* MATERIAL SUPPLIED
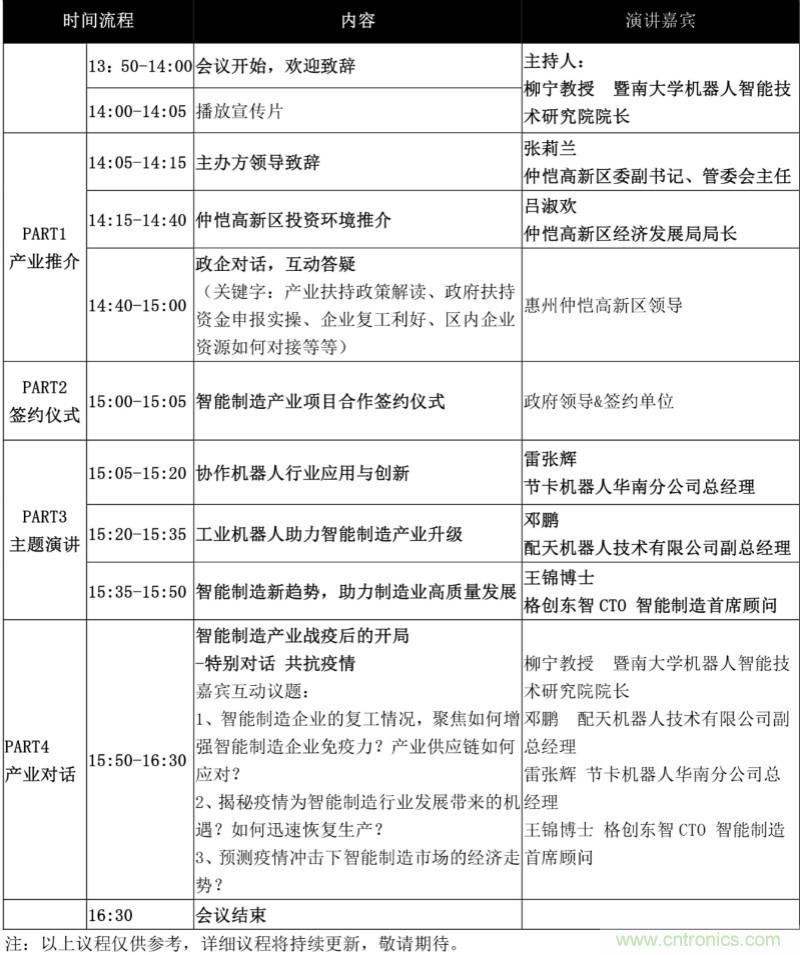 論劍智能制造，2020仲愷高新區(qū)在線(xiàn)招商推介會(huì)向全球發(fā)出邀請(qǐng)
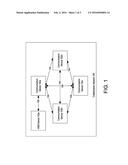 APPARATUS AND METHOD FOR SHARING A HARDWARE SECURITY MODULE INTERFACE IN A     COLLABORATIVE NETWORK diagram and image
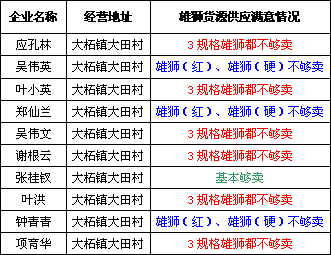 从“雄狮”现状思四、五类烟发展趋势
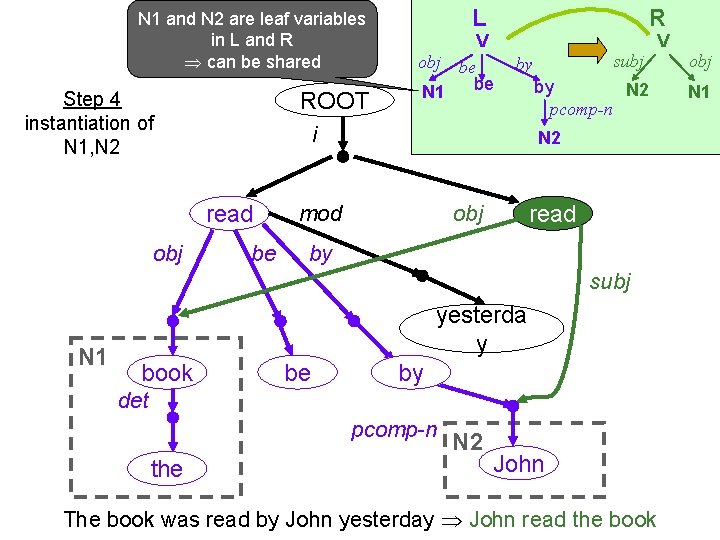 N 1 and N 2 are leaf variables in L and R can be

* * *

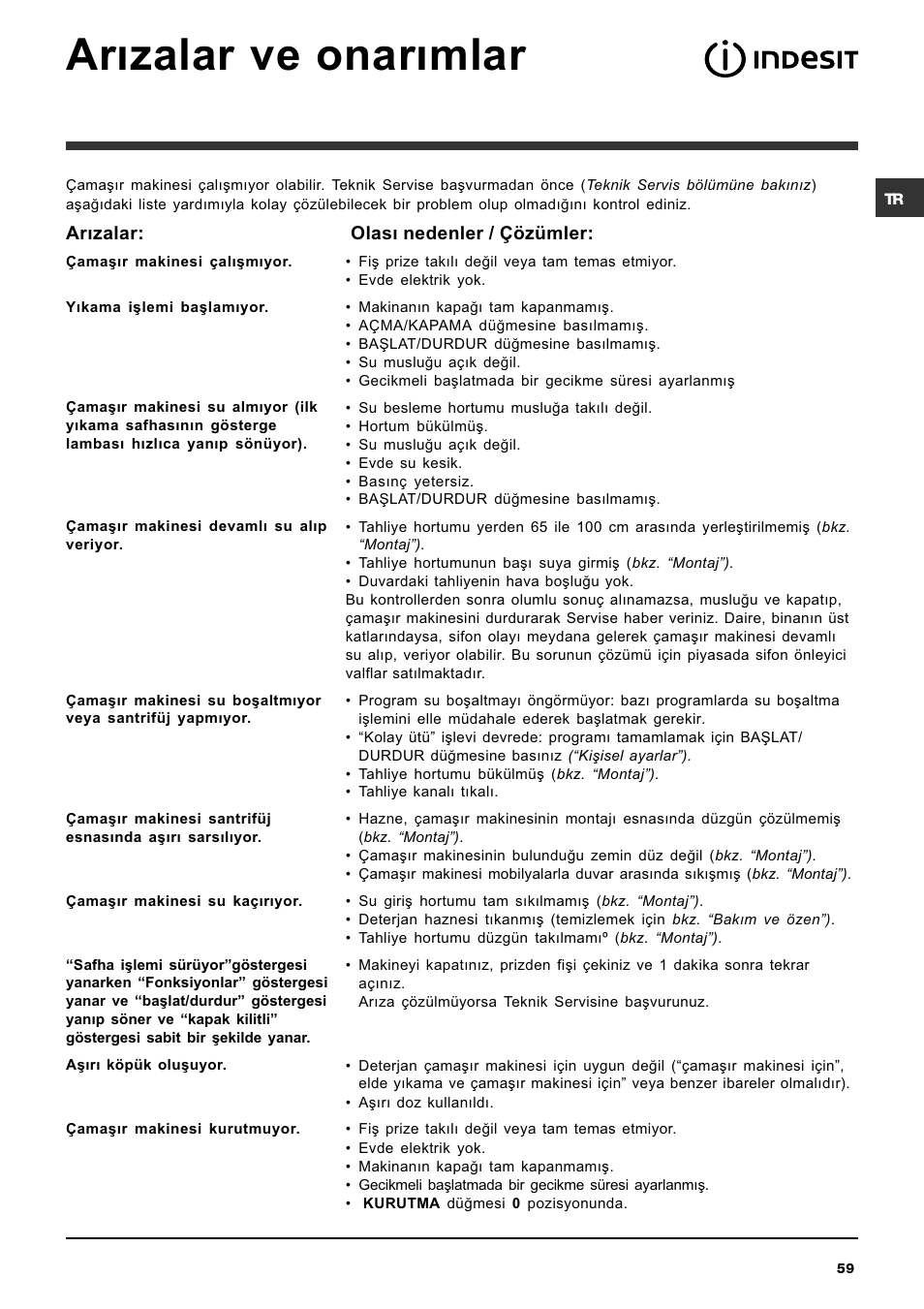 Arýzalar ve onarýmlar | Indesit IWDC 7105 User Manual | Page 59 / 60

==

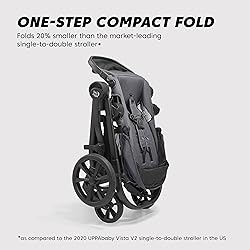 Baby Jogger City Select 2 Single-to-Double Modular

* REQUIRED ACTION
Using the data above, print only the lines starting at the one with "APPARATUS AND METHOD" and ending at the one with "N 1 and N 2", exactly as they stand, minus the pictures.

* YOUR SOLUTION
 APPARATUS AND METHOD FOR SHARING A HARDWARE SECURITY MODULE INTERFACE IN A     COLLABORATIVE NETWORK diagram and image
 从“雄狮”现状思四、五类烟发展趋势
 N 1 and N 2 are leaf variables in L and R can be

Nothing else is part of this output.